Place the blueberries and maple syrup in a saucepan.Simmer over a medium/low heat until the fruit becomes soft and pulpy (around 5 minutes).
Give the soft blueberries a quick mash with either a potato masher or fork.
Add the chia seeds and vanilla, mix the fruit mixture well, then leave to cool and thicken.
Transfer the blueberry jam to a clean glass jar or airtight container and store in the refrigerator.
Enjoy!
Video
Notes
Chia seed jam can be stored in a clean jar or airtight container in the fridge for up to seven days. Chia jam can be frozen for up to 3 months.
Taking the time to mash the fruit will mean you get a true jammy consistency.
If you don't have vanilla extract, a strip of lemon peel or orange peel in the jam while it cooks will also enhance the flavor of the jam.
Blueberries: You can actually use this recipe to make any berry chia jam. You can try strawberries, blackberries, boysenberries or raspberries.

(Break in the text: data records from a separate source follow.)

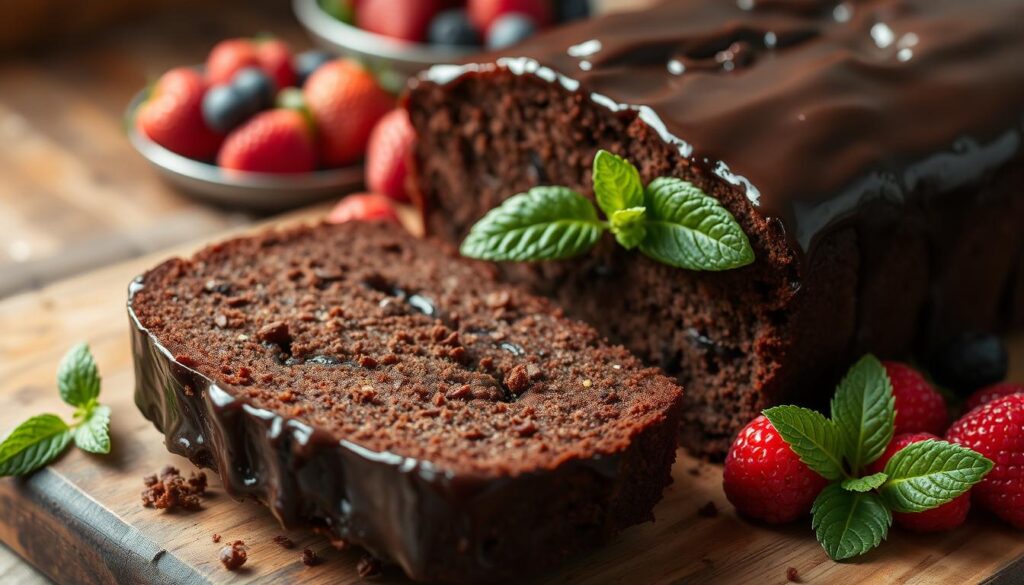 chocolate moist pound cake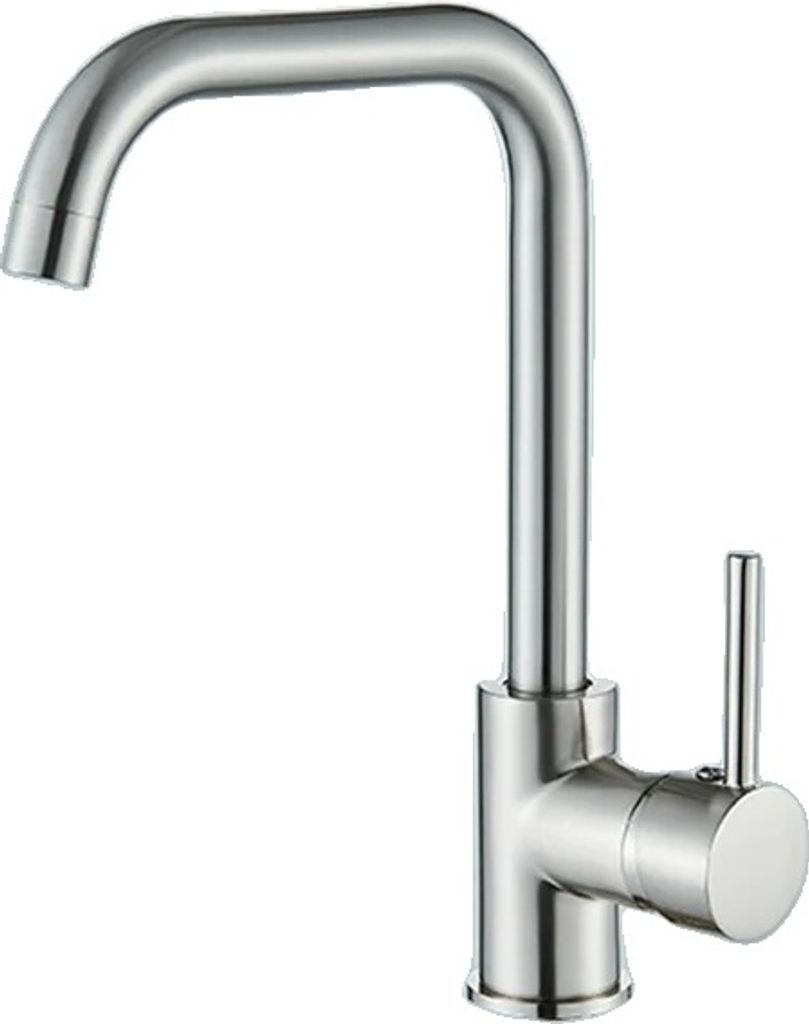 Niederdruck-Küchenarmatur, Kalt- und Warmwasser, langlebige Produktbild 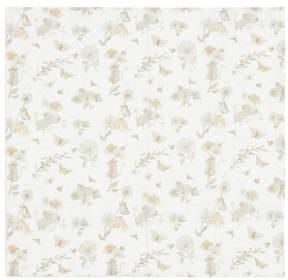 Jollein hydrofiele doek small 70x70cm Dreamy Mouse set van 2 ivory Hydrofiele luiers Wit - Foto 5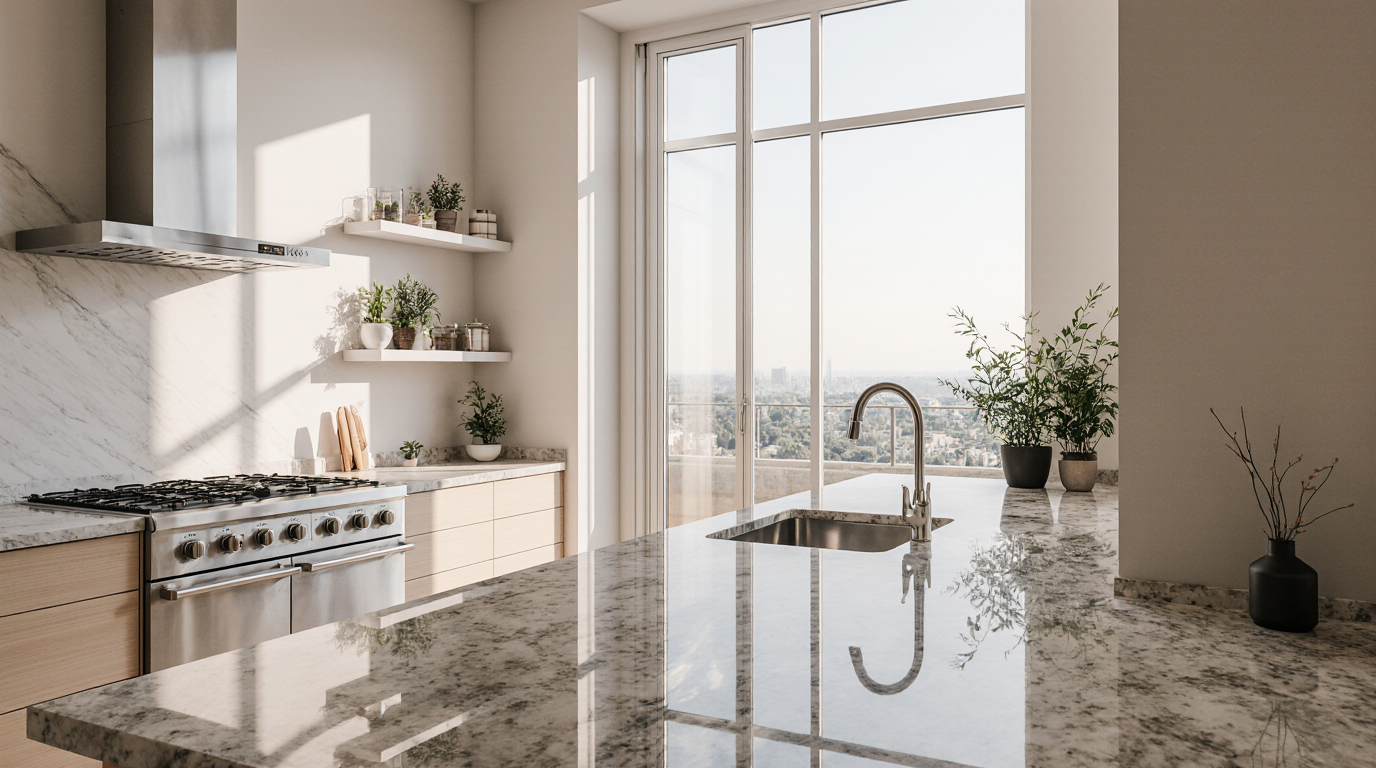 Porcelain Kitchen Countertops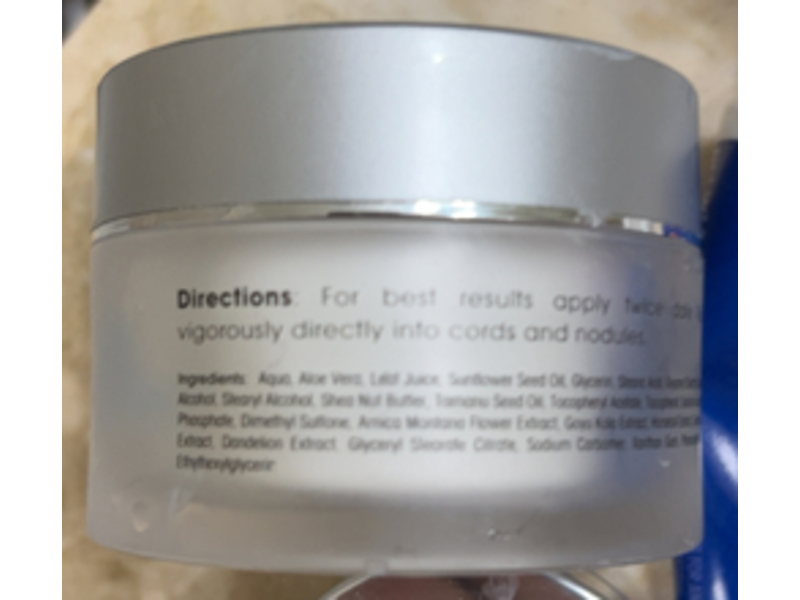 Dupuytrensco Dupuytren's Cream, 1.7 fl oz/50 mL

To keep costs down and so that I can make this recipe all year round I choose to use frozen blueberries.
Maple syrup: This can be substituted for honey, coconut sugar, white or brown sugar. or your preferred sweetener such as stevia.
Chia seeds: The chia seeds thicken the jam and add fiber to the recipe. I have used white chia seeds but you can use wither white or black.
Vanilla extract: The recipe will work without the vanilla extract but it does enhance the final flavor of the blueberry jam if you have it.
If you are making this chia jam for a baby under one year of age avoid using honey to sweeten the jam as honey is not suitable for children under one.